---------- Supplied records
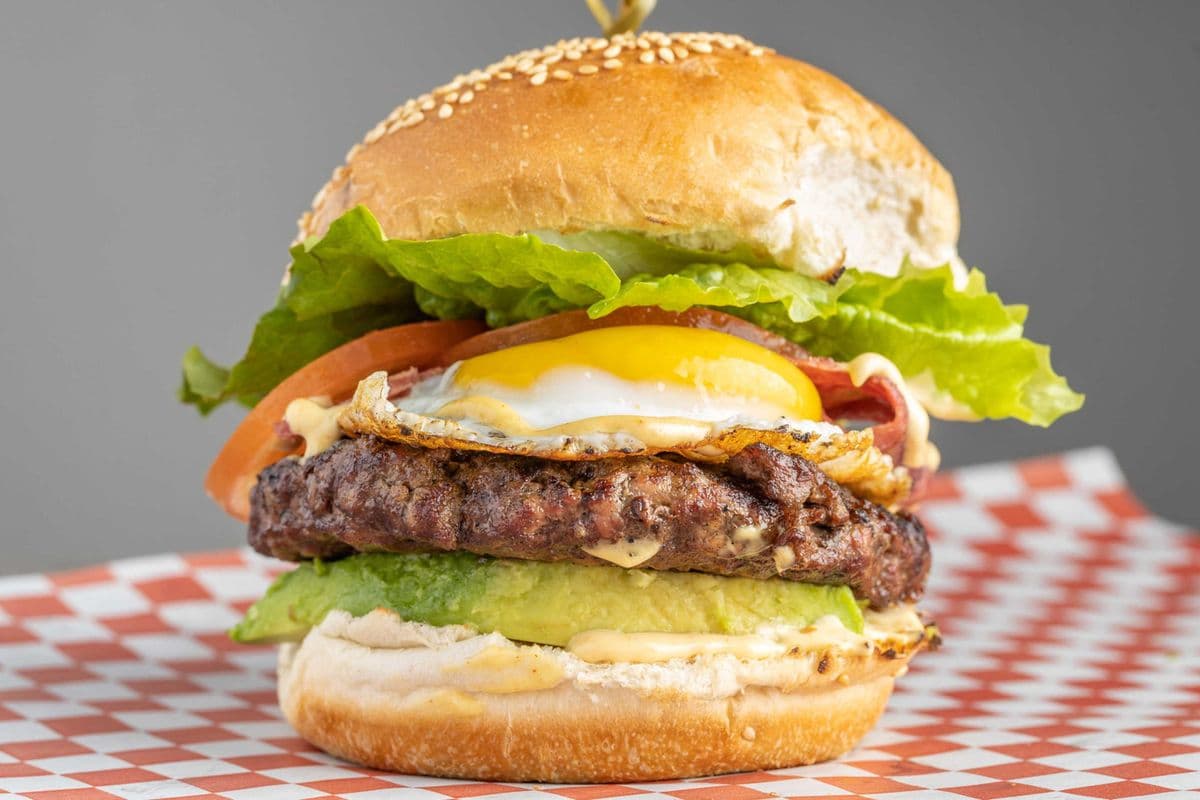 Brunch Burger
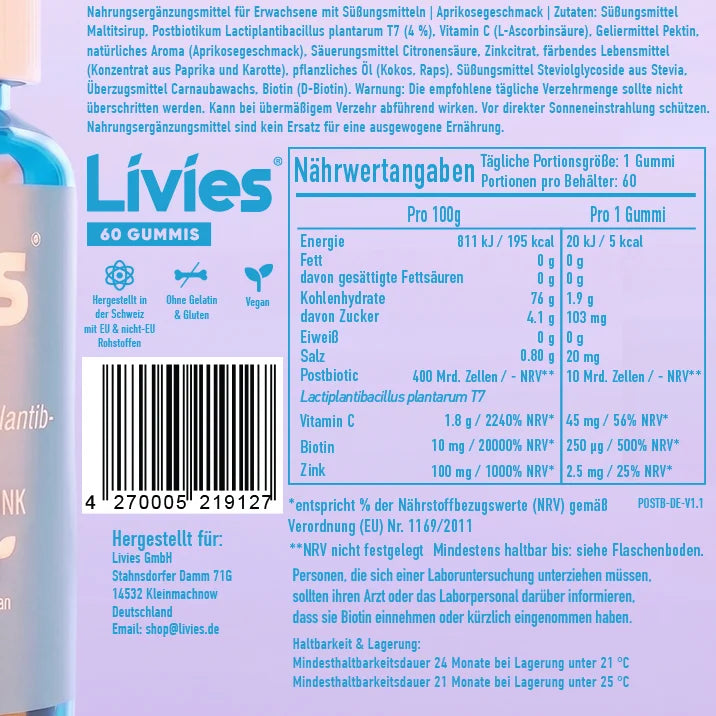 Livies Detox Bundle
--------------------
---------- Supplied records
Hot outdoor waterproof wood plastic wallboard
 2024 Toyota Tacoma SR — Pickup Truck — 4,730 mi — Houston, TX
--------------------
---------- Supplied records
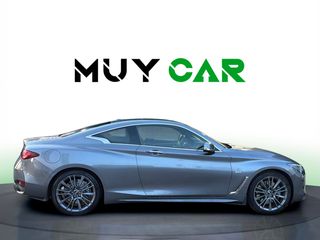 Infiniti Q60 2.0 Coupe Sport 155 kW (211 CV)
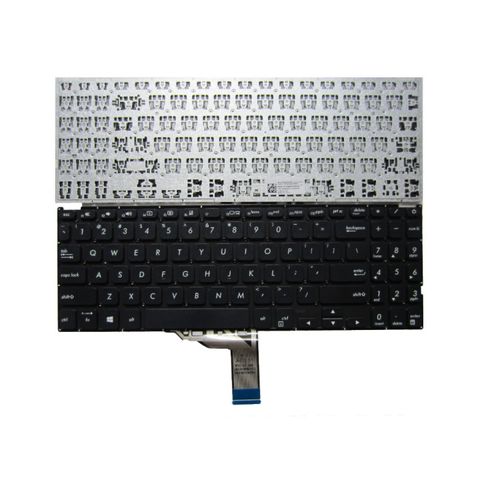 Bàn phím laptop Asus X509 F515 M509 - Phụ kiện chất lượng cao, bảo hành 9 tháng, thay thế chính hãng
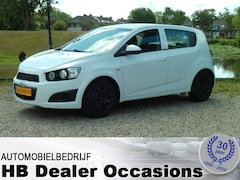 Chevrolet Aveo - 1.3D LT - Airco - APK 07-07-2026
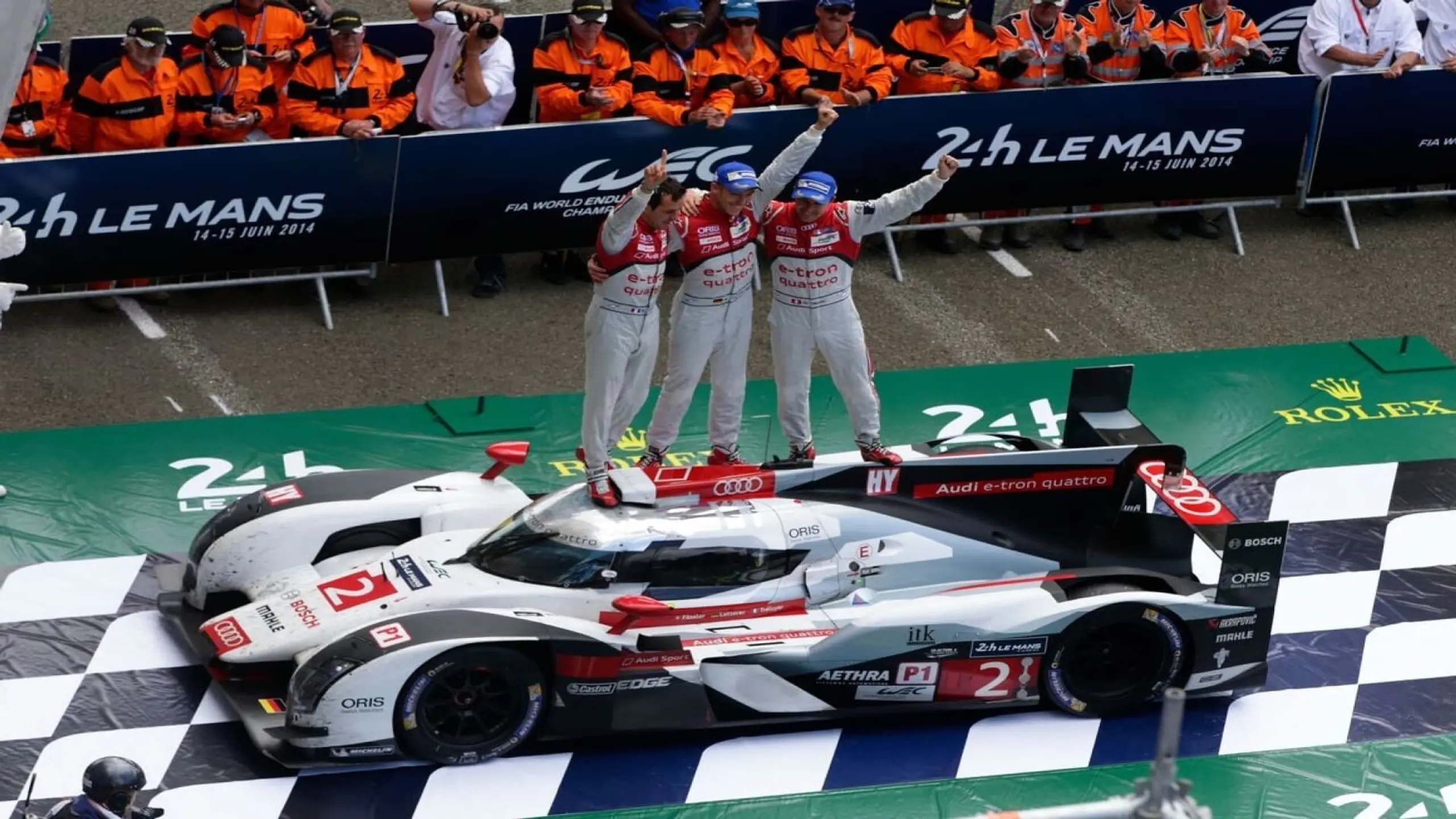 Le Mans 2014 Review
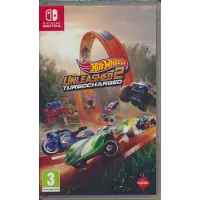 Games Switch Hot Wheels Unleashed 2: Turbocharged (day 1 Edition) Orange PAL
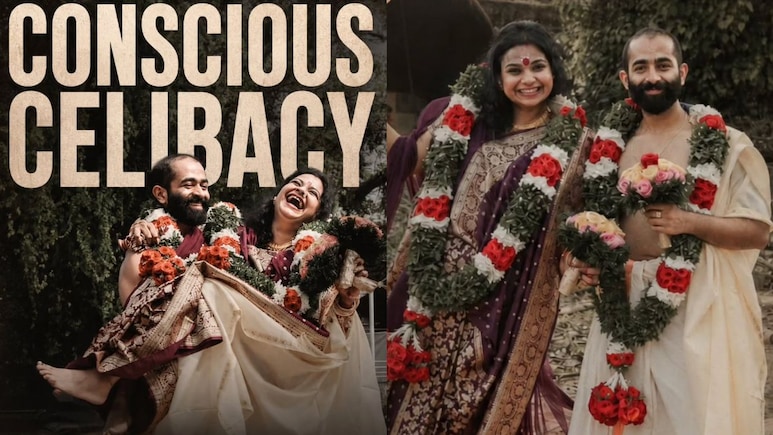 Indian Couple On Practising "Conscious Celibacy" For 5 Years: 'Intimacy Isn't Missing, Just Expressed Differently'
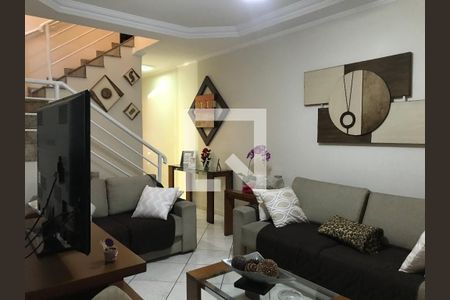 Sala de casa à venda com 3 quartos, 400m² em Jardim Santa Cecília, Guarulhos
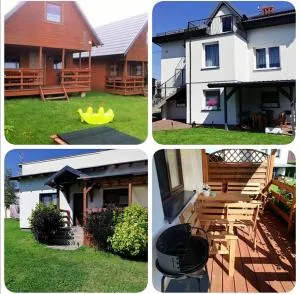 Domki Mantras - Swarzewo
--------------------
_Work item:_
Look above for the line with "Le Mans 2014 Review"; quote it and every line after it, stopping after the line with "Domki Mantras - Swarzewo", exactly, with nothing added and without pictures.

_Result for this task:_
 Le Mans 2014 Review
 Games Switch Hot Wheels Unleashed 2: Turbocharged (day 1 Edition) Orange PAL
 Indian Couple On Practising "Conscious Celibacy" For 5 Years: 'Intimacy Isn't Missing, Just Expressed Differently'
 Sala de casa à venda com 3 quartos, 400m² em Jardim Santa Cecília, Guarulhos
 Domki Mantras - Swarzewo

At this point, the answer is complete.